● Records for processing
**********

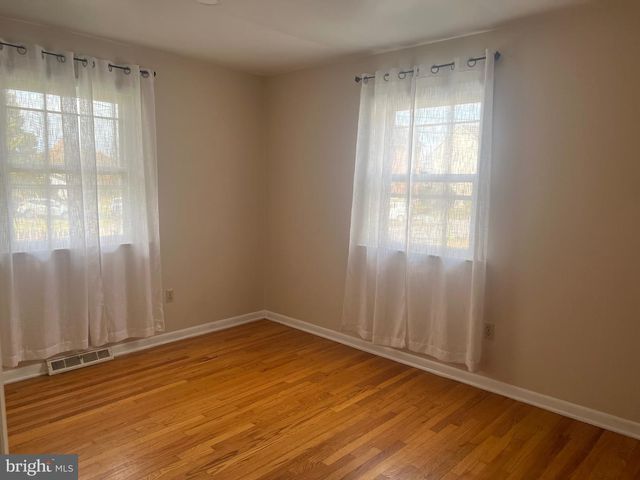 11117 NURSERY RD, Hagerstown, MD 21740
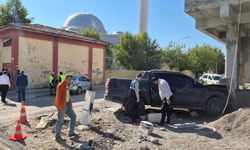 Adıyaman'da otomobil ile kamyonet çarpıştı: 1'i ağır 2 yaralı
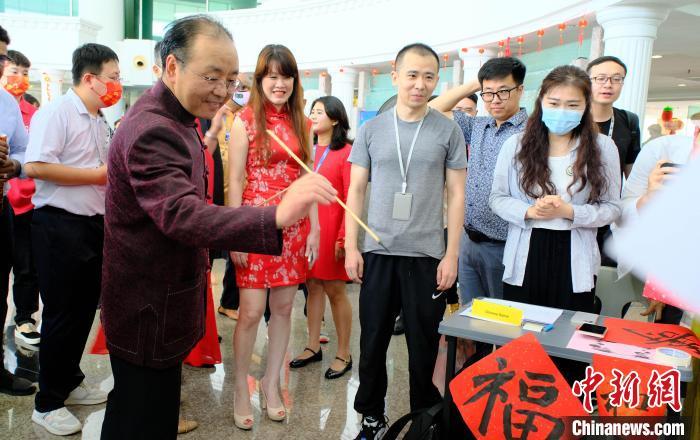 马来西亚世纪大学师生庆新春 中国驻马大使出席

**********

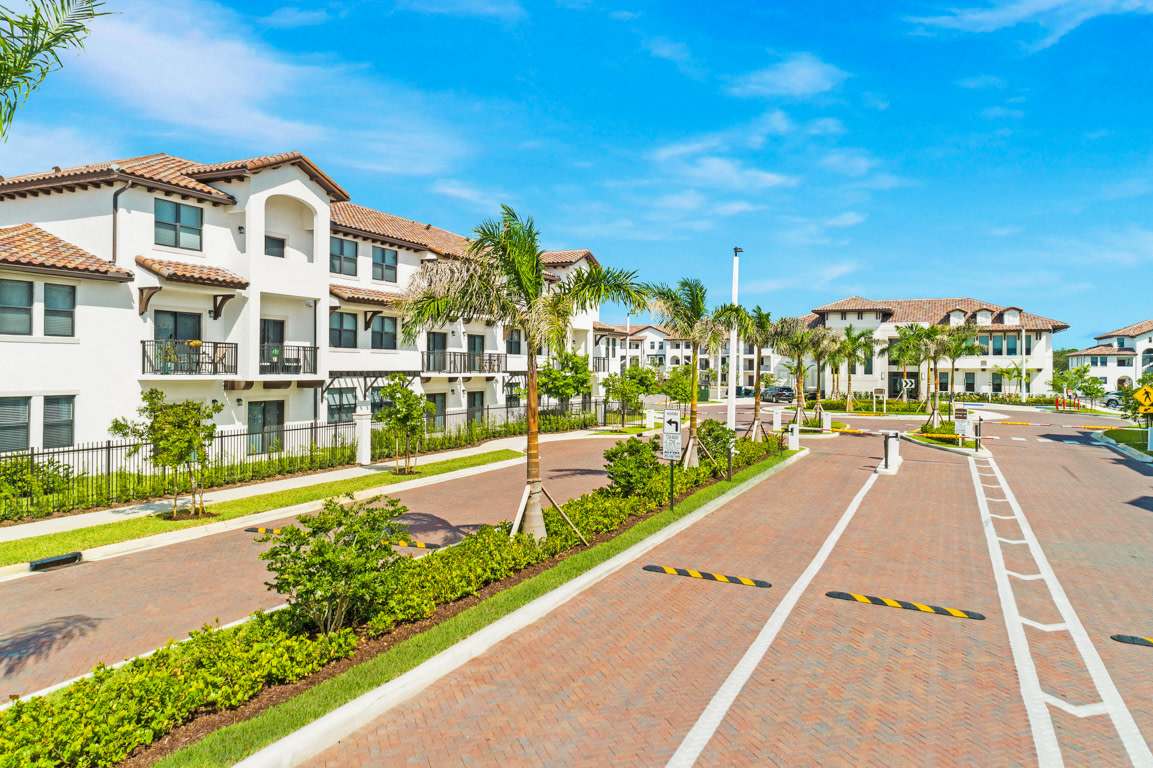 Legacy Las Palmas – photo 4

**********

● Work instruction
Pictures excluded, reproduce only the part above that opens with the line holding "11117 NURSERY RD, Hagerstown, MD 21740" and closes with the line holding "马来西亚世纪大学师生庆新春 中国驻马大使出席", exactly as written.

● Answer to the exercise
 11117 NURSERY RD, Hagerstown, MD 21740
 Adıyaman'da otomobil ile kamyonet çarpıştı: 1'i ağır 2 yaralı
 马来西亚世纪大学师生庆新春 中国驻马大使出席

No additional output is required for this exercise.